--- Required work ---
Everything in the listing must be repeated exactly, apart from the images.
=== Provided data ===
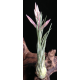 Tillandsia Ariza-Juliae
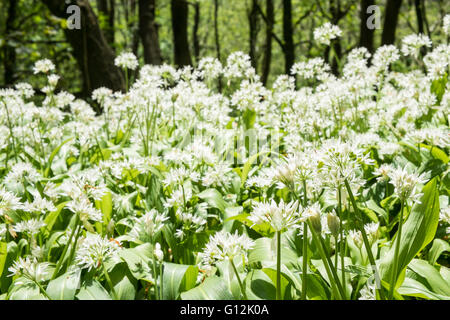 Aglio selvatico,taglie,bordo di linea di corsia coperta da alberi nel maggio,giornata soleggiata,i boschi ad ovest di Kidwelly,Carmarthenshire,Galles,U.K., Foto Stock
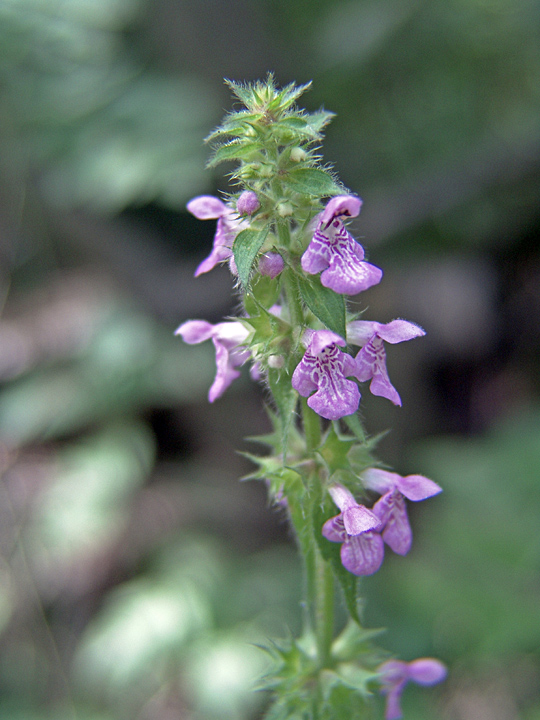 Изображение особи Stachys palustris.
===
--- Written answer ---
 Tillandsia Ariza-Juliae
 Aglio selvatico,taglie,bordo di linea di corsia coperta da alberi nel maggio,giornata soleggiata,i boschi ad ovest di Kidwelly,Carmarthenshire,Galles,U.K., Foto Stock
 Изображение особи Stachys palustris.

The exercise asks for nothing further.